The Justice Department is reportedly assembling an unprecedented national voter database


The Justice Department is reportedly putting together a gigantic and unprecedented data base of national voter information — and it could help President Donald Trump’s efforts to deny the 2020 election results or cast doubt on future elections.

The New York Times, citing people familiar with the matter, reports that the “Justice Department is compiling the largest set of national voter roll data it has ever collected, buttressing an effort by President Trump and his supporters to try to prove long-running, unsubstantiated claims that droves of undocumented immigrants have voted illegally.” The Times reports that the initiative has proceeded through efforts at both the Justice Department’s civil rights division and criminal division, “seeking data about individual voters across the country, including names and addresses, in a move that experts say may violate the law.”

Plenty of studies indicate that noncitizen voting is so vanishingly rare that it poses no threat to election integrity. For example, after the 2016 elections, the Brennan Center for Justice surveyed election officials in 42 jurisdictions with high immigration populations and found a suspected noncitizen voting rate of 0.0001%.

Justin Levitt, a former Justice Department official who’s an election law expert at Loyola Marymount University’s law school, likens DOJ’s efforts to Trump deploying the National Guard to handle domestic law enforcement. He told the Times, “It’s wading in, without authorization and against the law, with an overly heavy federal hand to take over a function that states are actually doing just fine.” He described the reported effort as “wildly illegal” and “deeply troubling” and said “nobody asked for this.”

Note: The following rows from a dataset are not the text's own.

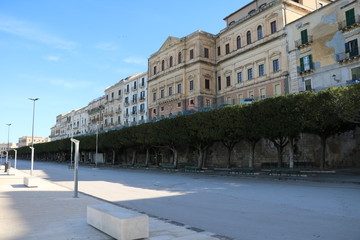Naklejka premium Port and Foro Vittorio Emanuele II in Ortigia Syracuse, Sicily Italy 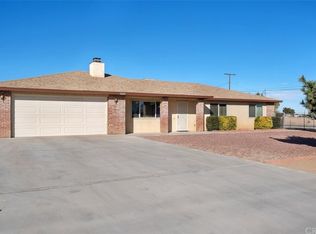 11224 Oakwood Ave, Hesperia, CA 92345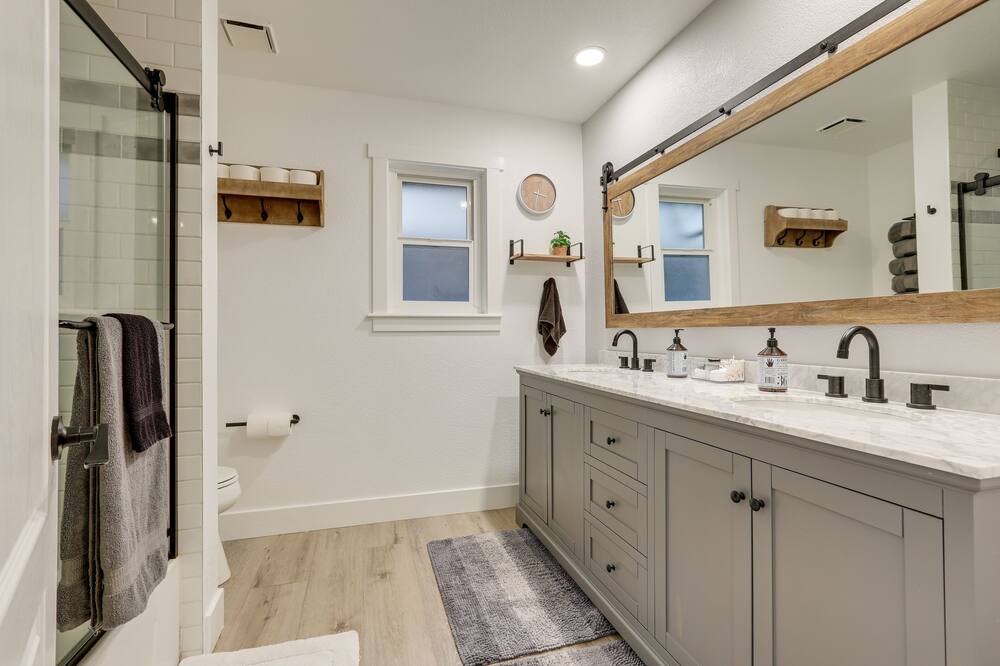 Photo of Bathroom in Roseville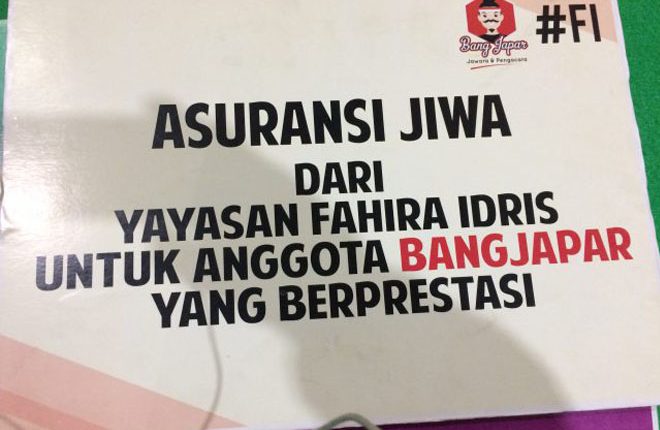 Fahira Idris Beri Asuransi Jiwa Kepada Ratusan Anggota Bang Japar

In what appears to be a related effort to ostensibly identify noncitizen voting, NPR reports that election officials have checked the citizenship status and other information of more than 33 million voters through the U.S. Citizenship and Immigration Services’ Systematic Alien Verification for Entitlements (SAVE) Program.

Sean Morales-Doyle, director of the voting rights and elections program at the Brennan Center for Justice at NYU Law, expressed concerns about the SAVE searches in an email to MSNBC:

It is possible someone could manipulate or misinterpret the results of SAVE searches to peddle disinformation about voter fraud and undermine faith in our elections. It is also possible that the data could be misused. There is a reason we have a Privacy Act, which places requirements on the federal government before it amasses private personal data on American citizens. Recent reporting on errors by DOGE indicate the danger of that personal information getting into the wrong hands or being misused.

Trump, of course, doesn’t hew to the truth when he denies election results. But armed with more information, his efforts to cast doubt on election results or manufacture narratives about massive noncitizen voting could become more sophisticated.